[Captioned web images]
::::
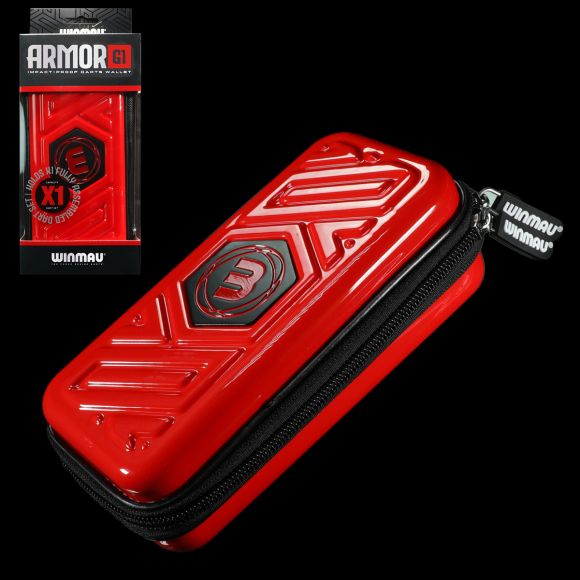 Winmau Armor G1 Red Dart Wallet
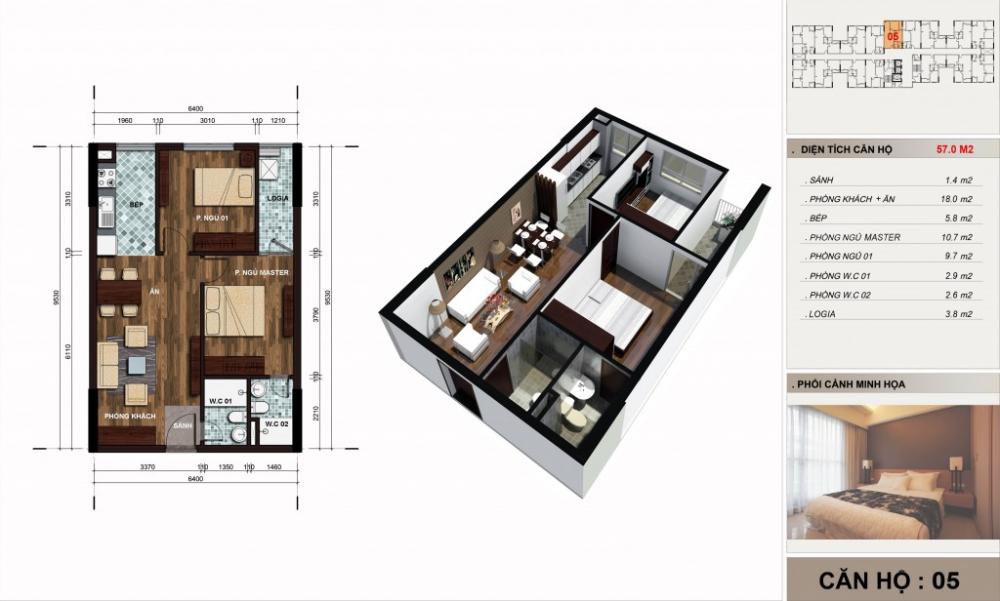 Thiết kế căn hộ 05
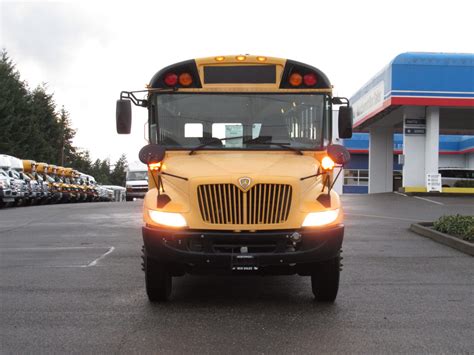 2007 IC CE-300 71 Passenger Conventional School Bus - B72232 ...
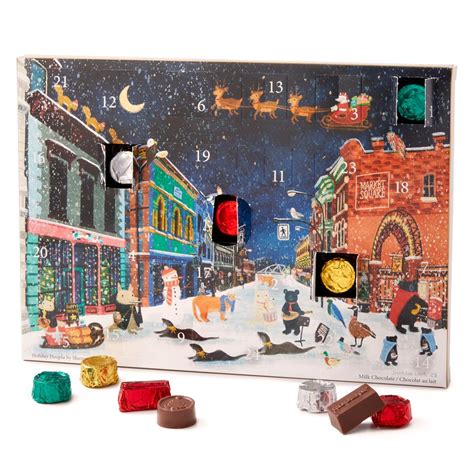 xmas advent calendar chocolate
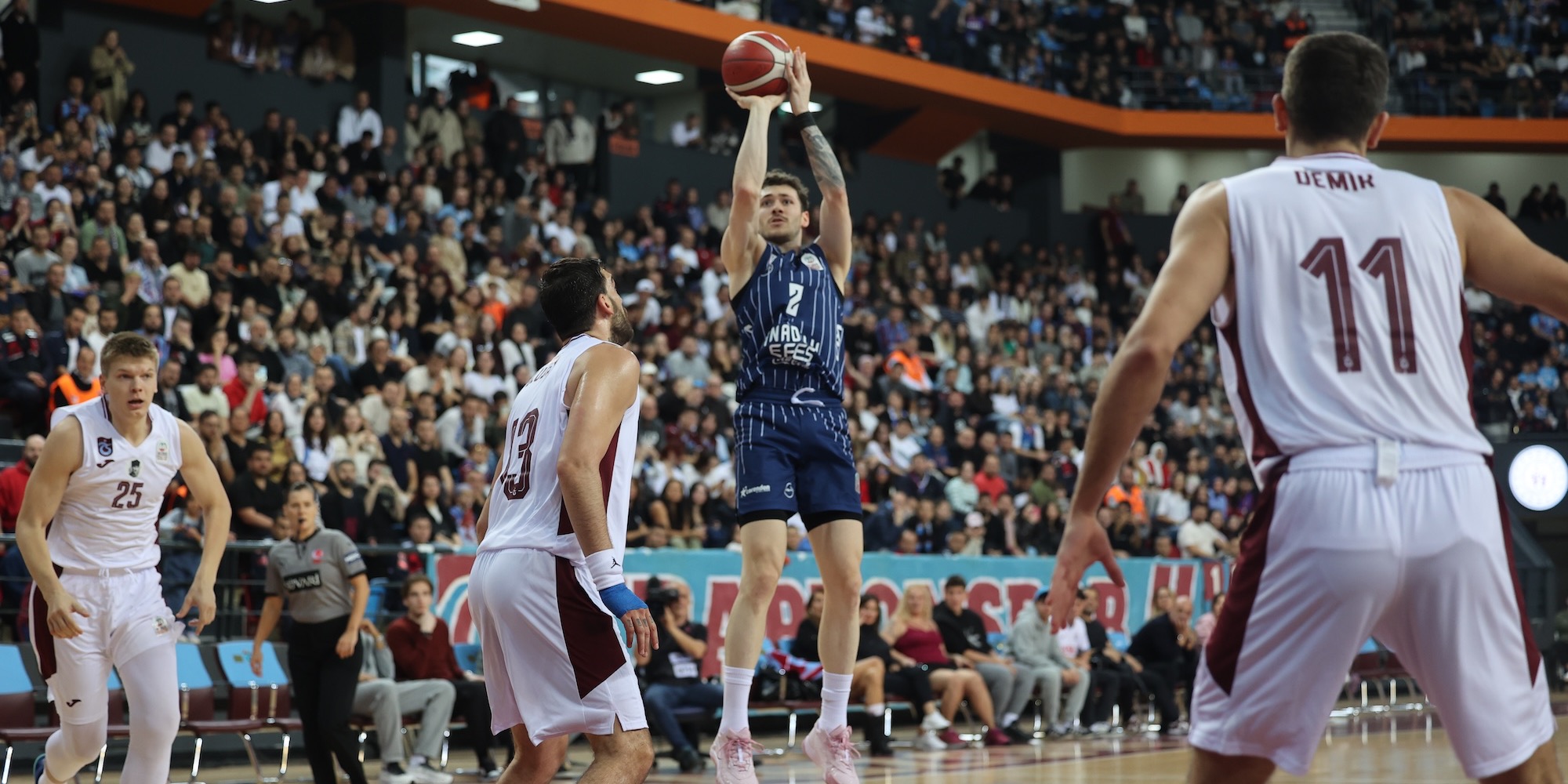 We Won Against Trabzonspor On The Road: 81-74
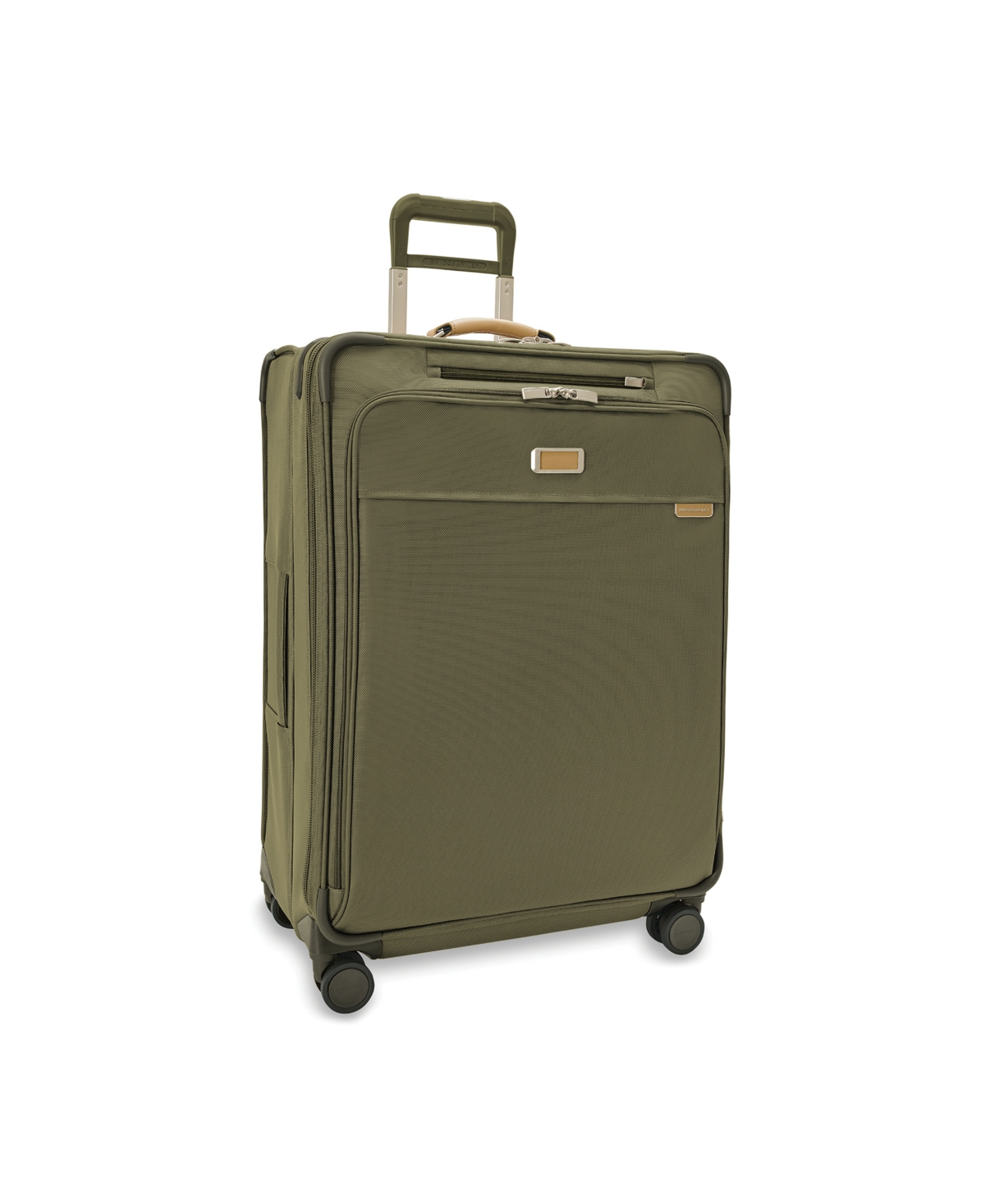 Shop Briggs & Riley Baseline Large Expandable Spinner In Olive
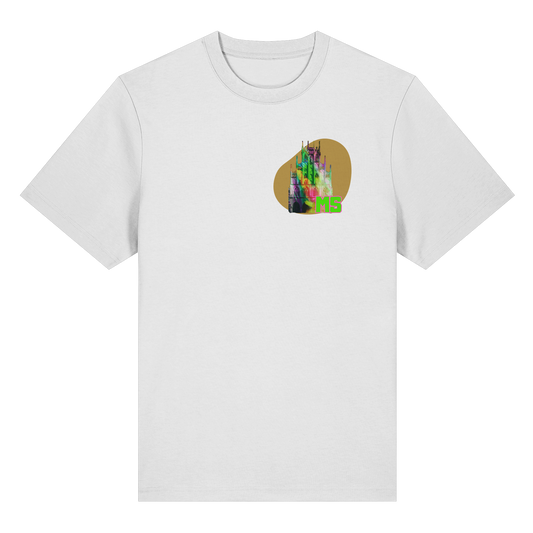 COLORFULTOWNHALL! - Organic Heavy T-Shirt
::::
Set the records down again exactly as given, and leave the pictures out.

• [EXERCISE OUTPUT]:
 Winmau Armor G1 Red Dart Wallet
 Thiết kế căn hộ 05
 2007 IC CE-300 71 Passenger Conventional School Bus - B72232 ...
 xmas advent calendar chocolate
 We Won Against Trabzonspor On The Road: 81-74
 Shop Briggs & Riley Baseline Large Expandable Spinner In Olive
 COLORFULTOWNHALL! - Organic Heavy T-Shirt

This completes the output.